## TASK BRIEF
In the entries below, spot each line with the word "Fury" and copy it.

## WORKING DATA
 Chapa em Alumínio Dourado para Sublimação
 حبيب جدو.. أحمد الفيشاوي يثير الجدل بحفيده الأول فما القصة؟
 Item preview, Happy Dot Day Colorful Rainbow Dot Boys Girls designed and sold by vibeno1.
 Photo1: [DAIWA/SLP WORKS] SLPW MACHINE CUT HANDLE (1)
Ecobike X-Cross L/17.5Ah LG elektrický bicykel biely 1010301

--

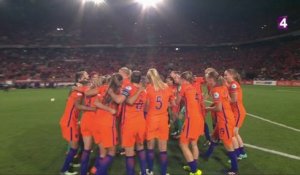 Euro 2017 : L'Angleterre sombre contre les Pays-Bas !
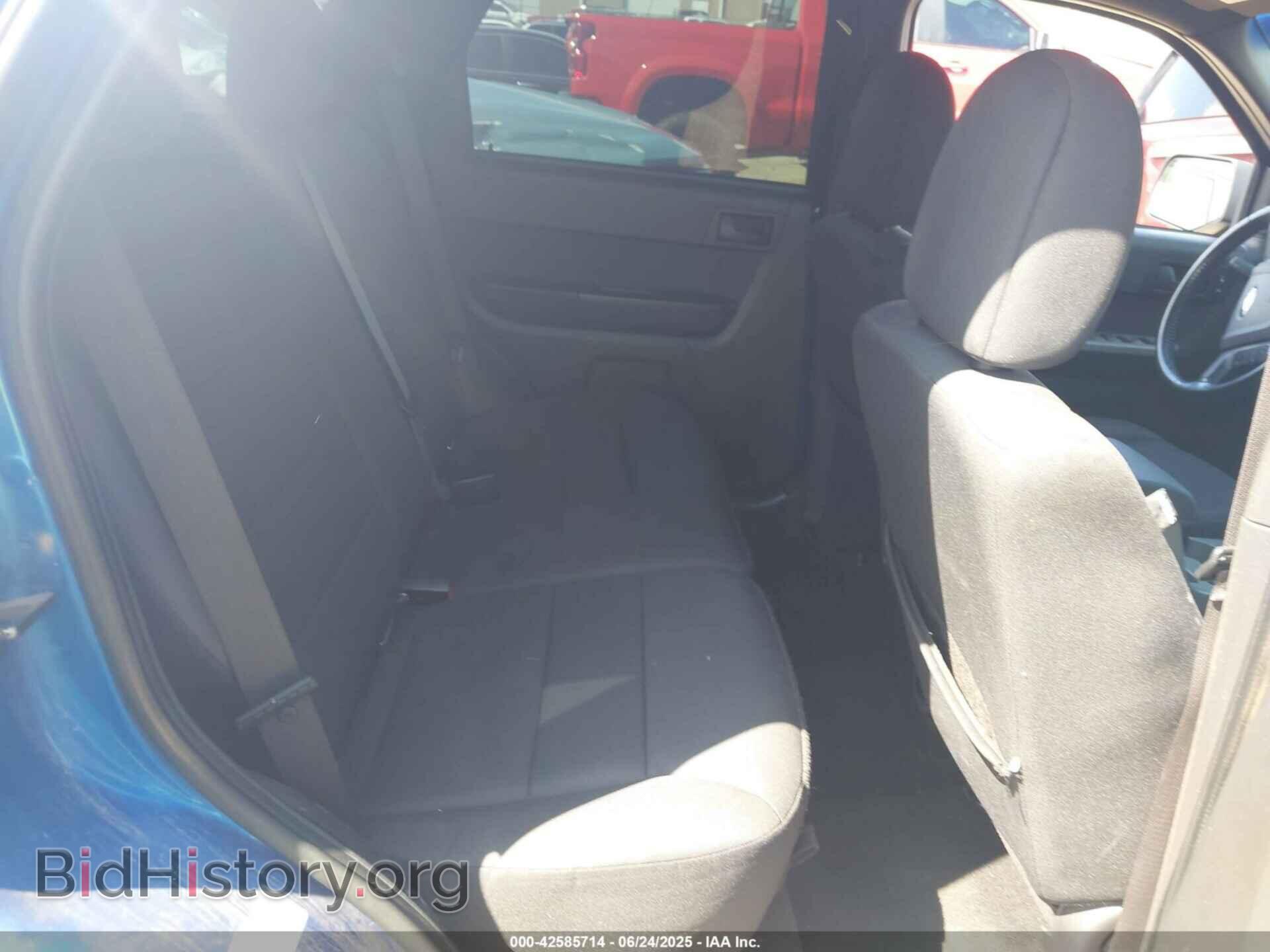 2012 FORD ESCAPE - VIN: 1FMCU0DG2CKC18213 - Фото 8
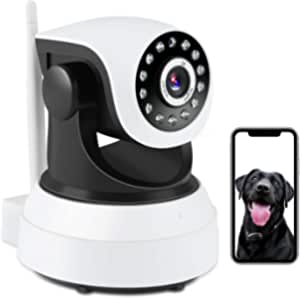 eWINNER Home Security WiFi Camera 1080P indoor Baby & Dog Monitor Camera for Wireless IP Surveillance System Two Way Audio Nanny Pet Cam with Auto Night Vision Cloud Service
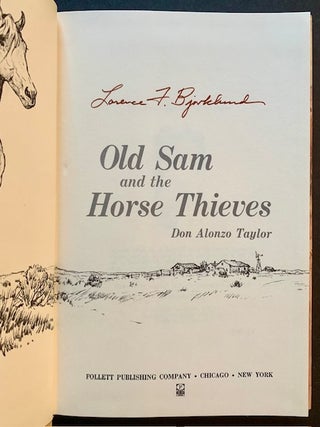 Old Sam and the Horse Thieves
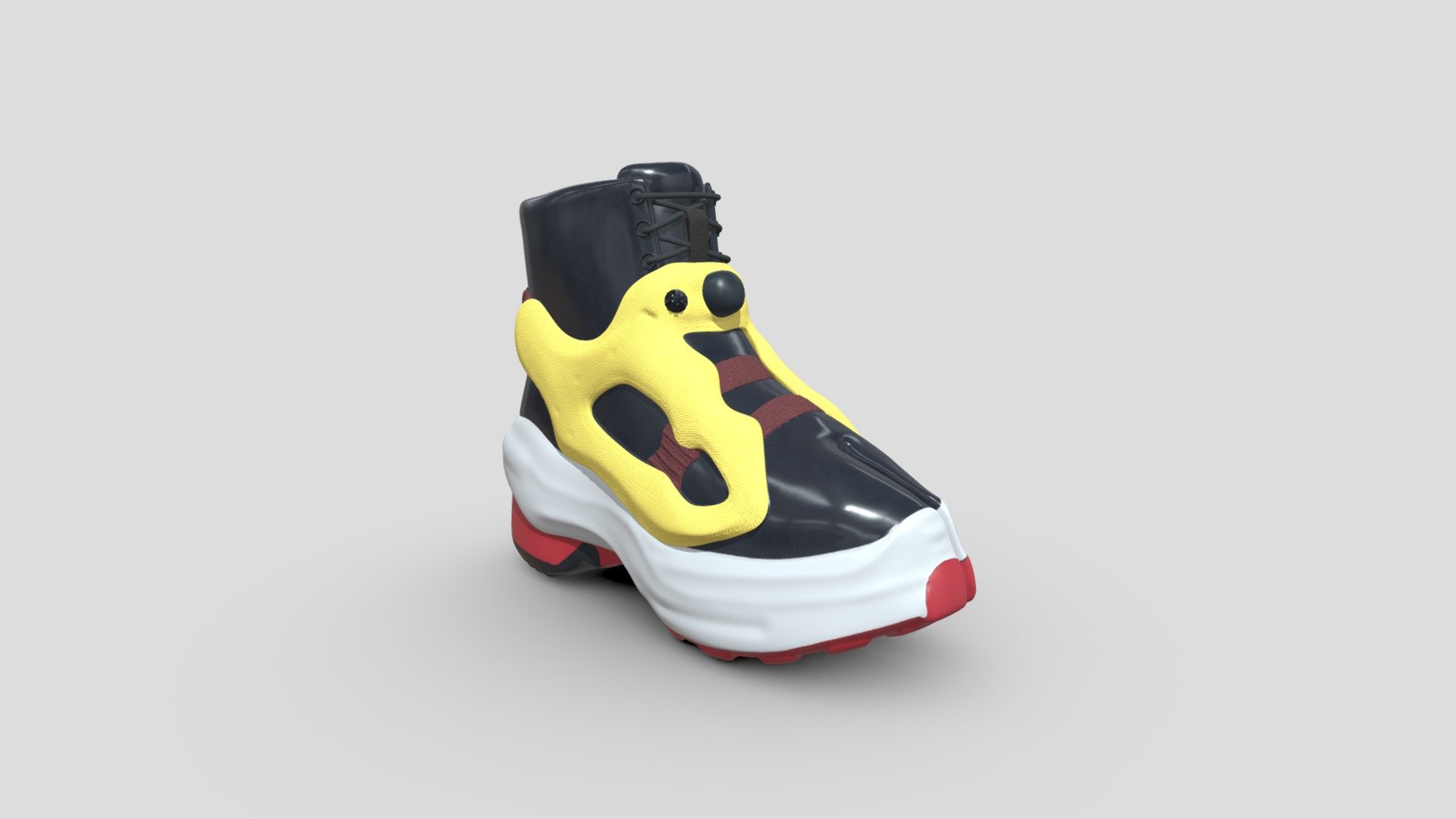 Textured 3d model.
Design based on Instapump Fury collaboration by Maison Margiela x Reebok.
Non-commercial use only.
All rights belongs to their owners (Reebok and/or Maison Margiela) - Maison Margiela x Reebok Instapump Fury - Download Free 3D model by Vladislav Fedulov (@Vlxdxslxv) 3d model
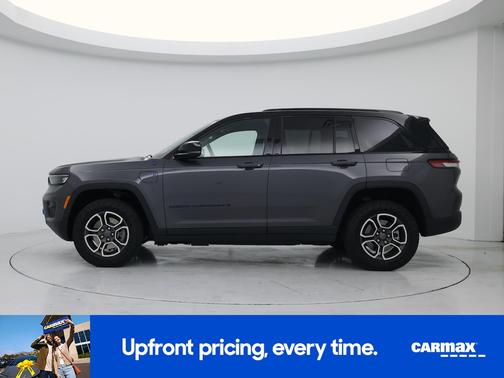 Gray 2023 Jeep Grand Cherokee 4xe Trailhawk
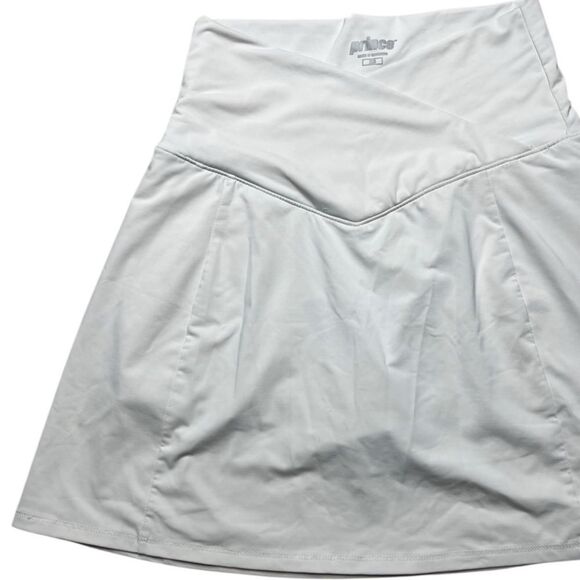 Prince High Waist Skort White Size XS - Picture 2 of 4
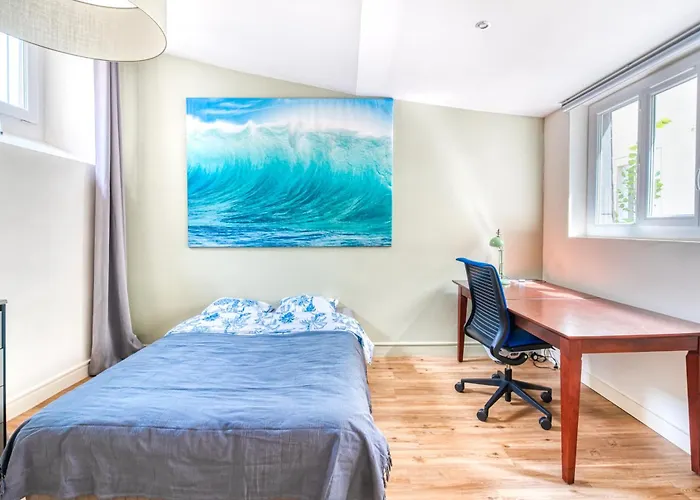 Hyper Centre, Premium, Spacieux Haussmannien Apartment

--

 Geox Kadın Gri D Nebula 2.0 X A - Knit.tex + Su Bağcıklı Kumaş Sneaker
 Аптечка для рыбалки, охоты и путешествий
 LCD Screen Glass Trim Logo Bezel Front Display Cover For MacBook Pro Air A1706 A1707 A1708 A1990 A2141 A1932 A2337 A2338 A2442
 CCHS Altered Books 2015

## EXERCISE SOLUTION
Design based on Instapump Fury collaboration by Maison Margiela x Reebok.
All rights belongs to their owners (Reebok and/or Maison Margiela) - Maison Margiela x Reebok Instapump Fury - Download Free 3D model by Vladislav Fedulov (@Vlxdxslxv) 3d model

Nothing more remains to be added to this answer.